Although sometimes referred to as a mash-up or electroclash club, Averill believes Backlash touches on a number of different styles, and on any given week, the soundtrack flits from Italo classics and fey Kompakt techno to eighties classics by Talk Talk, The Pet Shop Boys and Depeche Mode. It’s no surprise that Backlash has serially irreverent guest DJs like Optimo and Jacque Le Cont or that Averill hopes Backlash eventually gains the international status of Optimo’s eponymous Glasgow night. “I want it to become an institution,” he hopes.

Despite hosting one of the busiest tents at Electric Picnic, Bodytonic aren’t resting on their laurels.

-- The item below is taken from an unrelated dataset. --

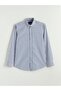 SOUTHBLUE Regular Fit Long Sleeve Striped Men's Shirt - 5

Although they launched a label a few years ago, the timing was wrong, coinciding with an industry-wide slump, but making and releasing music digitally is their biggest priority over the coming years. O’Shea says. “We’ve lots of other ideas, some that don’t involve music,” Trev adds. “We’re doing an e-magazine in 2006 and we’re also looking at multimedia projects. We’ve only done about 5% of what we set out to do, we’ve so much further to go.

“Two years ago we were putting on gigs in pubs to no one and now we’re hosting arenas at festivals. I could come out with some nonsense about how we’re different, but we’re doing nothing that a million other people haven’t done already, just doing it our own way. Maybe that’s what matters.”